The training loop starts by resetting the environment, then the agent takes random actions and the rewards and log-probabilities of the actions are collected during the episode. When the episode ends, the policy is updated using the rewards and log-probabilities of the actions. The training loop repeats this process for a fixed number of episodes.

# Training loop
for episode in range(10000):
    state, _ = env.reset()
    done = False
    rewards = []
    log_probs = []
    
    while not done:
        # Select action
        state = torch.tensor(state, dtype=torch.float32).reshape(1, -1)
        probs = policy(state)
        action = torch.multinomial(probs, 1).item()
        log_prob = torch.log(probs[0, action])

        # Take step
        next_state, reward, done, _, _ = env.step(action)
        rewards.append(reward)
        log_probs.append(log_prob)
        state = next_state

    # Update policy
    print(f"Episode {episode}: {sum(rewards)}")
    update_policy(rewards, log_probs, optimizer)
    rewards = []
    log_probs = []

The Combined Code

import gym
import numpy as np
import torch
import torch.nn as nn
import torch.optim as optim

# Create the environment
env = gym.make("CartPole-v1")

# Get the state and action sizes
state_size = env.observation_space.shape[0]
action_size = env.action_space.n

# Define the policy function (neural network)
class Policy(nn.Module):
    def __init__(self):
        super(Policy, self).__init__()
        self.fc1 = nn.Linear(state_size, 32)
        self.fc2 = nn.Linear(32, action_size)

    def forward(self, x):
        x = torch.relu(self.fc1(x))
        x = self.fc2(x)
        return torch.softmax(x, dim=-1)

policy = Policy()

# Define the loss function and optimizer
loss_fn = nn.CrossEntropyLoss()
optimizer = optim.Adam(policy.parameters(), lr=0.01)
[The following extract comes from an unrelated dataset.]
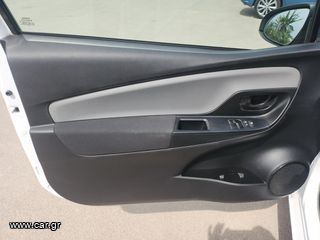 Toyota Yaris 2019 VAN 2 ΘΕΣΕΩΝ-thumb-17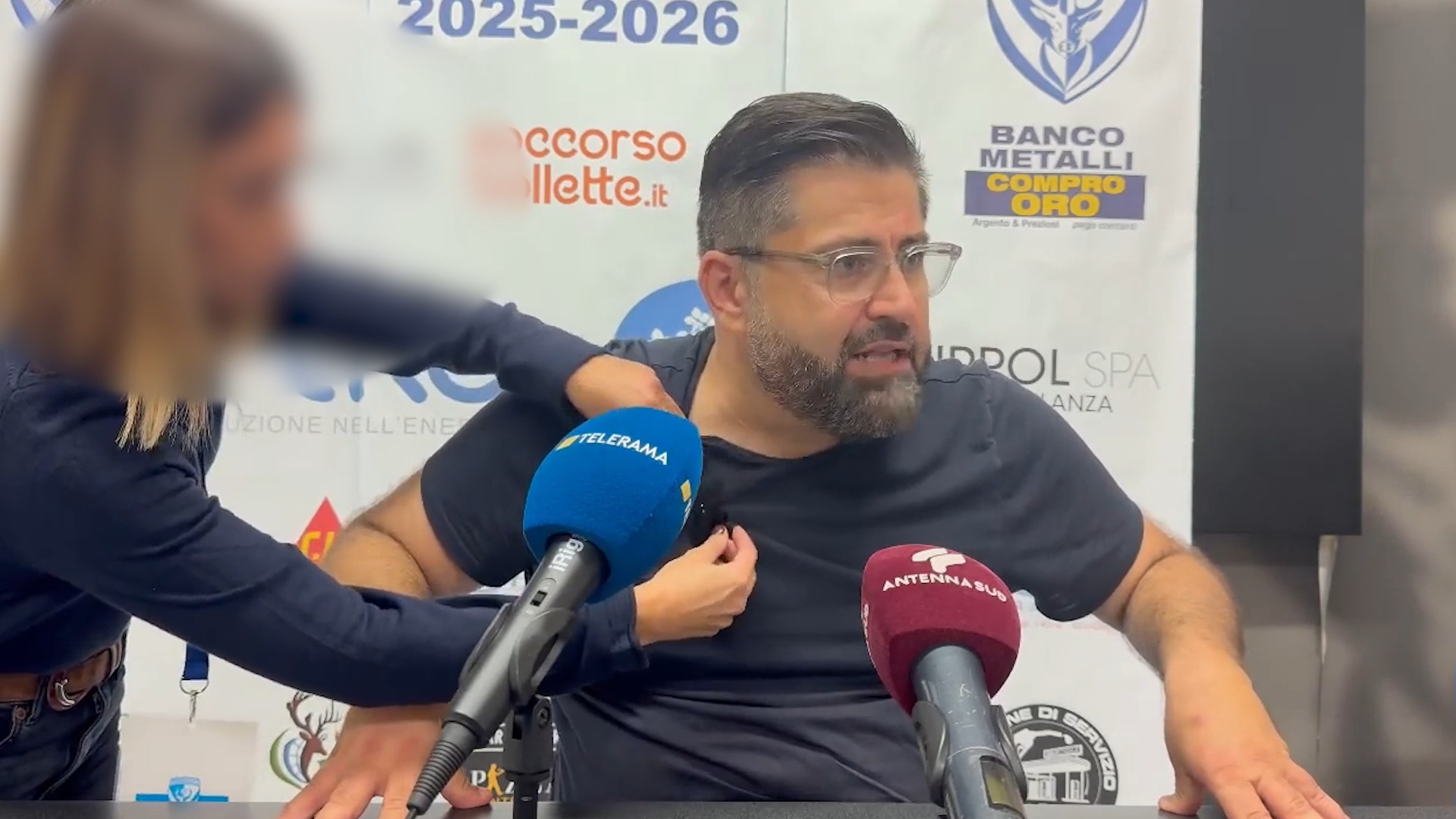 “Con l’ultima donna che ha fatto così ho fatto quattro figli”: la frase sessista del direttore sportivo del Brindisi Calcio “Con l’ultima donna che ha fatto così ho fatto quattro figli”: la frase sessista del direttore sportivo del Brindisi Calcio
# Define the update policy function
def update_policy(rewards, log_probs, optimizer):
    log_probs = torch.stack(log_probs)
    loss = -torch.mean(log_probs) * (sum(rewards) - 15)
    optimizer.zero_grad()
    loss.backward()
    optimizer.step()

gamma = 0.99

# Training loop
for episode in range(5000):
    state, _ = env.reset()
    done = False
    score = 0
    log_probs = []
    rewards = []
    
    while not done:
        # Select action
        state = torch.tensor(state, dtype=torch.float32).reshape(1, -1)
        probs = policy(state)
        action = torch.multinomial(probs, 1).item()
        log_prob = torch.log(probs[:, action])

        # Take step
        next_state, reward, done, _, _ = env.step(action)
        score += reward
        
        rewards.append(reward)
        log_probs.append(log_prob)
        state = next_state

    # Update policy
    print(f"Episode {episode}: {score}")
    update_policy(rewards, log_probs, optimizer)
    

Conclusion

Hope this explanation and code were helpful for anyone getting started with policy gradients. Of course, there have been a lot of improvements to policy gradients over the years. However, it remains to be the starting point of a lot of state-of-the-art techniques.